In the light-diffusion film 1 of the present invention, the fiber layer 10 has a structure in which at least two or more layers are stacked, and more preferably, it is alternately arranged in 2 to 5 layers. At this time, if the fibrous layer 10 has a single-layer structure of less than two layers, there is a problem in that one-dimensional scattering occurs, and if it is stacked in excess of five layers, light loss increases due to absorption and reflection of light occurring in each layer. It is not desirable.

In the light-diffusion film 1 of the present invention, the organic fibers 11 constituting the fiber layer 10 are birefringent organic fibers are used, and more preferably, the polymers in which the refractive index of the organic nanofibers are transparent polymer resin layers It is designed to be more than 0.05 higher than the refractive index of the resin. According to the refractive index design, a light transmittance of 40% or more is realized.

Preferred examples of the organic fiber 11 used in the fiber layer 10 of the present invention are polyethylene naphthalate (PEN), copolyethylene naphthalate (co-PEN), polyethylene terephthalate (PET), polycarbonate (PC), Polycarbonate (PC) alloy, polystyrene (PS), heat-resistant polystyrene (PS), polymethyl methacrylate (PMMA), polybutylene terephthalate (PBT), polypropylene (PP), polyethylene (PE), acrylic Nitrile Butadiene Styrene (ABS), Polyurethane (PU), Polyimide (PI), Polyvinyl Chloride (PVC), Styrene Acrylonitrile Mixture (SAN), Vinyl Ethylene Acetate (EVA), Polyamide (PA), Poly Use one or more selected from the group consisting of acetal (POM), phenol, epoxy (EP), urea (UF), melamine (MF), unsaturated polyester (UP), silicone (SI), elastomer and cycloolefin polymer. do. In the embodiment of the present invention, polyethylene naphthalate (PEN) is selected and described as the most preferable material, but will not be limited thereto.

Figure 4 is a photograph of the birefringence of the light diffusing film (1) of the present invention according to the distance from the cross polarizer, a is 45 °, when the highest transmittance can be confirmed, b is 0 ° or 90 ° In this case, the result of zero transmittance can be confirmed.

When explaining mainly the embodiment of the present invention, the monolayer light-diffusion film in which the fiber layer 10 is arranged in one direction parallel to the isotropic polymer numerical layer 20 exhibits birefringence.
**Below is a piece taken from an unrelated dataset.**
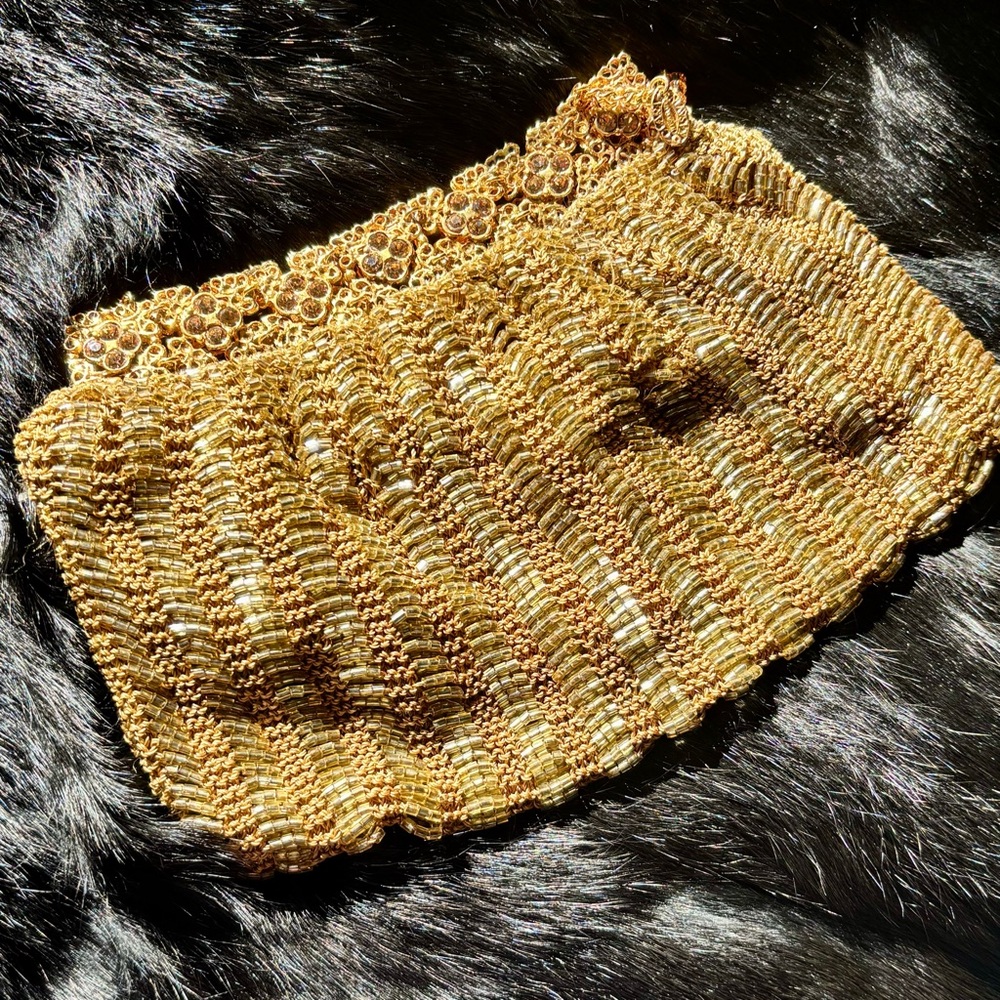 Vintage Clara Kasavina Gold Beaded Rhinestone Evening Clutch Bag Optional Chain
Specifically, when placed at the angle Ψ with the cross polarizer, the transmittance of the light-diffusing film exhibiting birefringence is calculated in the following equations (1) and (2).

At this time, from the equations (1) and (2), when the angle Ψ is 45, the transmittance is the highest, whereas, when the angle Ψ is 0˚ or 90˚, it shows the transmittance of the zero value, Figure 4 From the results, the birefringence can be confirmed by the arrangement of the fiber layers 10 in the polymer resin layer 20 in the light-diffusion film 1 of the present invention.

Figure 5 4 is a surface photograph of the nanofibers constituting the light diffusion film.

6 is a scattering pattern test result for the light-diffusion film of the present invention, the light guide plate (Light Guide Plate, LGP) portion of the backlight unit is observed a dot-shaped spot, here, a single layer of a transparent polymer resin layer As a result of placing the light diffusion film with the nanofiber layer embedded therein, a fine dot-like spot is still observed, so that a sufficient diffusion effect cannot be expected. On the other hand, in the case of a structure in which the nanofiber layer 10 is alternately arranged in two layers on the transparent polymer resin layer 20, the light-diffusion film 1 of the present invention exhibits excellent hiding power in which dot spots are hardly observed.

Accordingly, the light source incident by the structure of the light diffusion film 1 of the present invention is scattered two-dimensionally, so that light can be uniformly diffused regardless of the direction of the initial incident light.

FIG. 7 shows the contour map and light distribution angle measurement results along the horizontal (0 °), diagonal (45 °) and vertical (90 °) angles for the light-diffusion film of the present invention.

Specifically, FIG. 7 (a) is a case where only the LGP is measured without the light diffusion film of the present invention, and the light distribution angle is not uniform due to the white dot-like spot on the LGP surface, while (b) the light diffusion of the present invention In the results for the film, it is possible to confirm a remarkably uniform light distribution angle since it passes through the light diffusion film through LGP.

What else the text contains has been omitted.